It is a scalable low latency garbage collector designed to meet the following goals:

- Z Garbage Collector (ZGC) is introduced in JAVA-11 as an experimental GC.
- Pause times __do not__ exceed __10ms__.
- Pause times __do not__ increase with the heap or live-set size.
- Handle heaps ranging from a few hundred megabytes to multi terabytes in size.

Properties:

- Concurrent
- Region-based
- Compacting=
- NUMA-aware
- Using colored pointers
- Using load barriers

#### Working of ZGC

ZGC divides memory into regions, also called __ZPages__. ZPages are dynamically sized (unlike the G1 GC), which are multiples of 2 MB can be dynamically created and destroyed.

Here are the size groups of heap regions:

- Small(2MB),
- Medium(32MB)
- Large(N * 2 MB)

![ZGC](./images/zgc.png)

Notes:

- ZGC heap can have multiple occurrences of these heap regions.
- After ZGC compaction, ZPages are freed up and inserted into a page cache called as __ZPageCache__.
- ZPages in the page cache are ready to be reused to satisfy new heap allocations.
- The page cache is critical for performance, as committing and uncommitting memory are expensive operations.
- ZPages in the page cache represents the unused parts of the heap that could be uncommitted and returned to the operating system.

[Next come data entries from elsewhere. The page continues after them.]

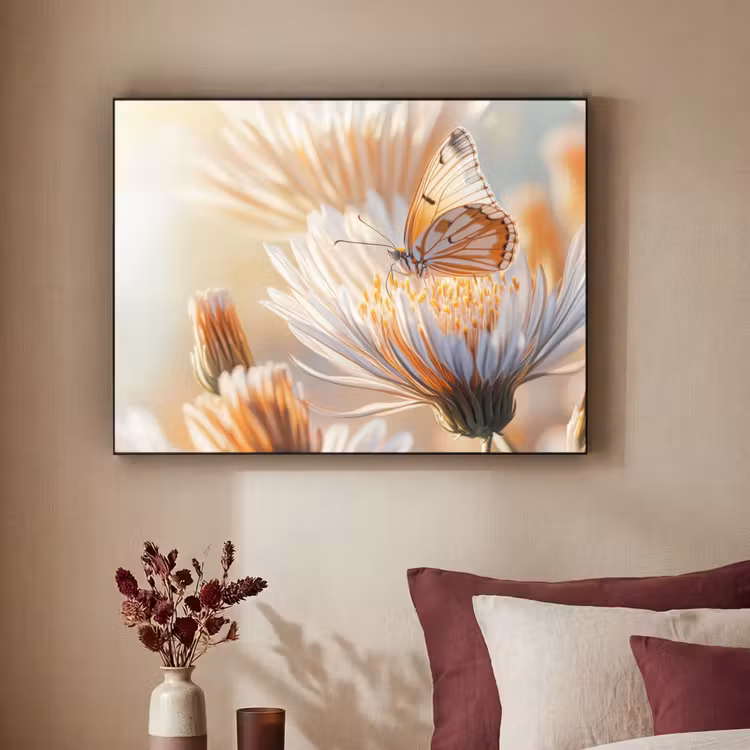 Art Frame - Vlinder - Bloem - Oranje — 2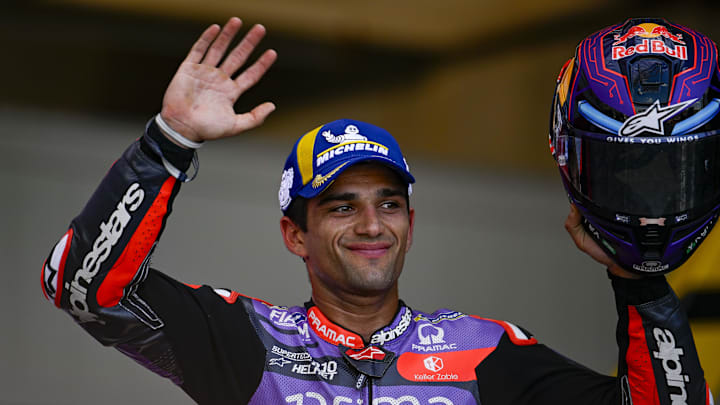 Apr 13, 2024; Austin, TX, USA; Jorge Martin (89) of Spain and Prima Pramac Racing waves to the fans after the Americas Grand Prix sprint race at Circuit of The Americas. Mandatory Credit: Jerome Miron-USA TODAY Sports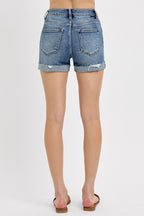 Medium Wash High Rise Ripped Shorts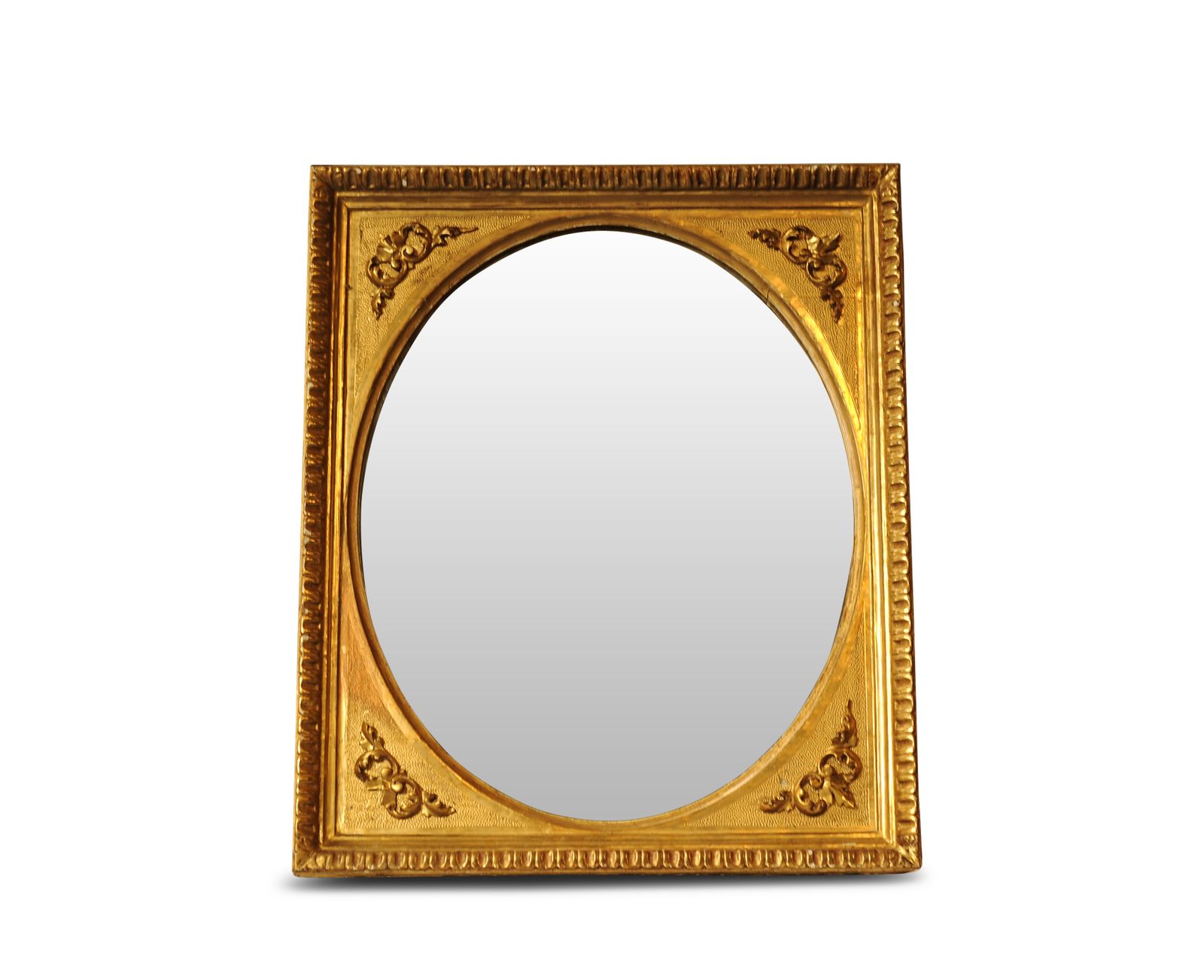18th Century Antique Baroque Plaster And Gilt Gesso Round Mirror With Relief Patterns Ol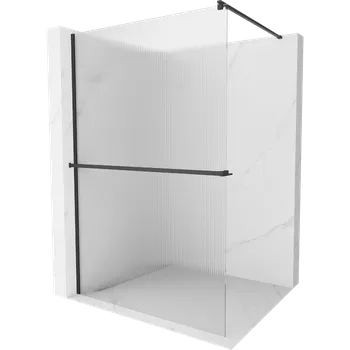 Mexen Kioto+ sprchová stěna s policí Walk-in 100 x 200 cm, pruhy, černá - 800-100-121-70-09 Sprchové stěny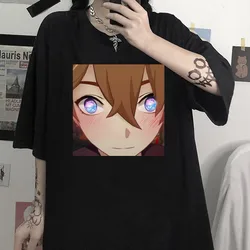 Anime Tartaglia Face Meme t shirt Women Fashion Tee Short Sleeve Genshin Impact Game T-Shirts O Neck Tops women Tops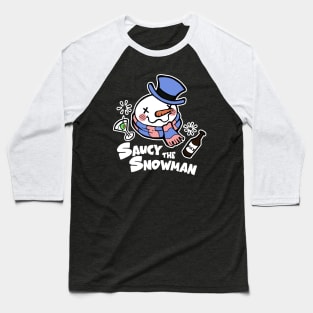 Saucy The Snowman - Frosty Humor - White Outlined, Color Version 3 Baseball T-Shirt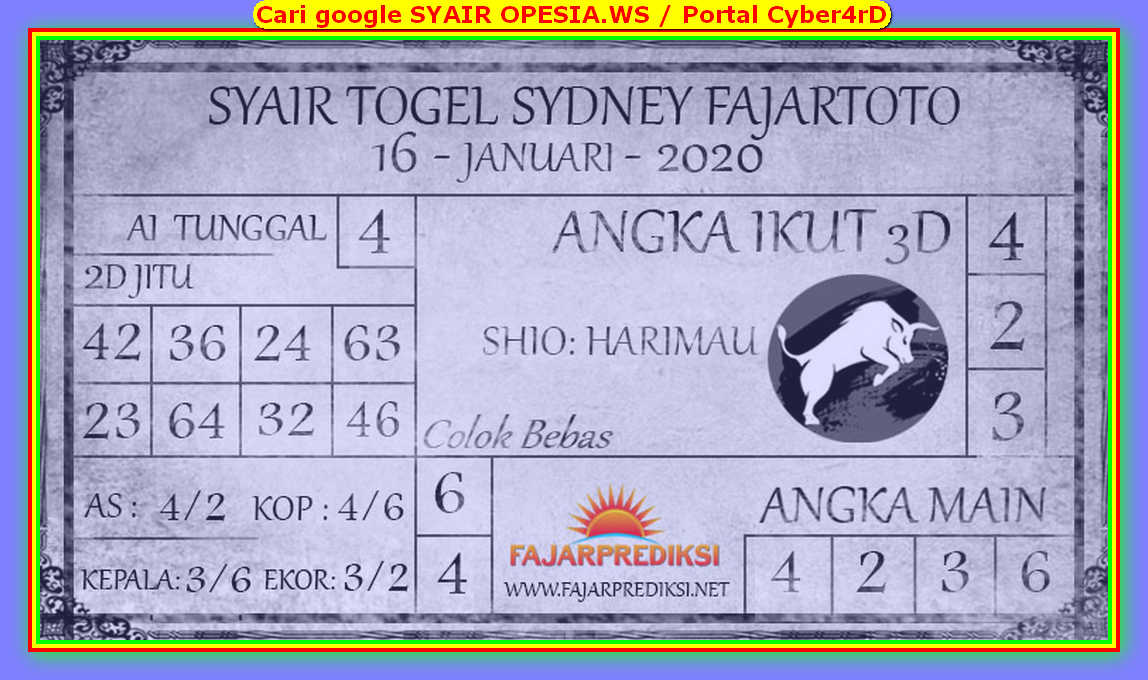 1 New Message Kode Syair Sydney 16 Januari 2020 Forum Syair Togel Hongkong Singapura Sydney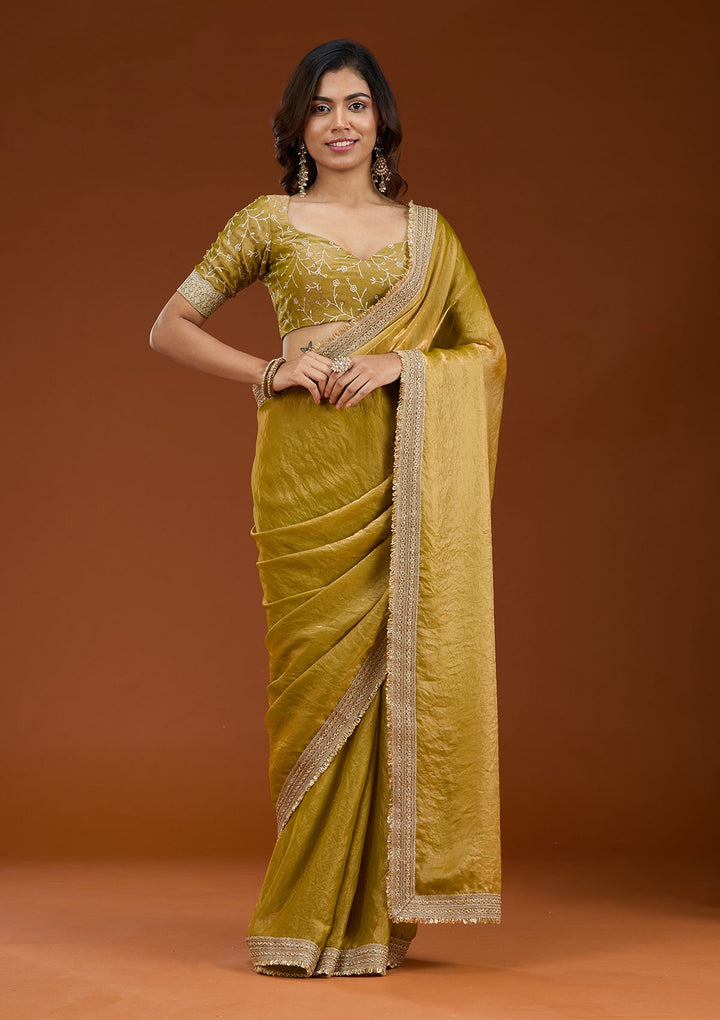 Mustard Zariwork (Gold) Tissue Saree_koskii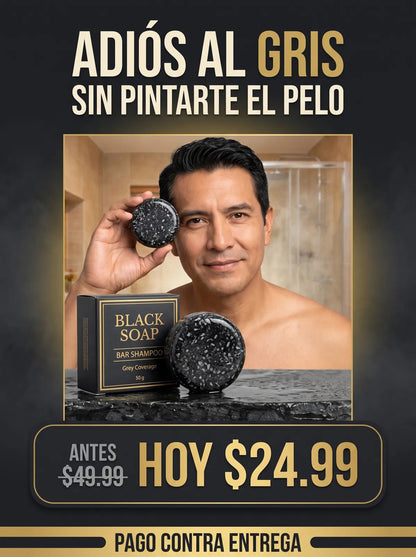 Barra de Shampoo Negro Anti-Canas · Cubre las canas sin tinte (50 g)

#### Phases of Z Garbage Collection

![ZGC](./images/zgcphases.jpeg)

__1. Pause Mark Start:__

- In this phase objects that have been pointed to roots. This includes walking through the live set of objects and then finding and marking them.
- It starts with a scanning thread stack which gives the reference objects in heap.
- After getting reference it will walk through all the graphs of objects(which are reachable).
- It also remaps the live data after the end of the last phase(Pause Relocate Phase).

__2. Pause Mark End:__

- This phase with a short pause of 1ms.
- The pause time involved here depends only on the number of roots and the ratio of the sizes of the relocation set and total live set of objects.
- This starts after completion of the first phase.
- This starts with preparing concurrent relocation of objects and marks the regions it wants to compact.
- Now we have all the information which objects are live so it starts with reference processing and moves to week-root cleaning.

__Pause Relocate Start:__

- It triggers the actual region compaction.
- It begins with root scanning pointing into the location set, followed by the concurrent reallocation of objects in the relocation set.

#### Colored Pointers

- Colored pointers are one of the core concepts of ZGC.
- It enables ZGC to find, mark, locate, and remap the objects.
- It doesn't support x32 or 32 bits operating systems.
- __Load Barrier__ uses this to detect whether the object is bad color then do the corresponding action (like remap means object is remapped to a different address). __It is injected by the JIT compiler when the object is fetched from the heap__.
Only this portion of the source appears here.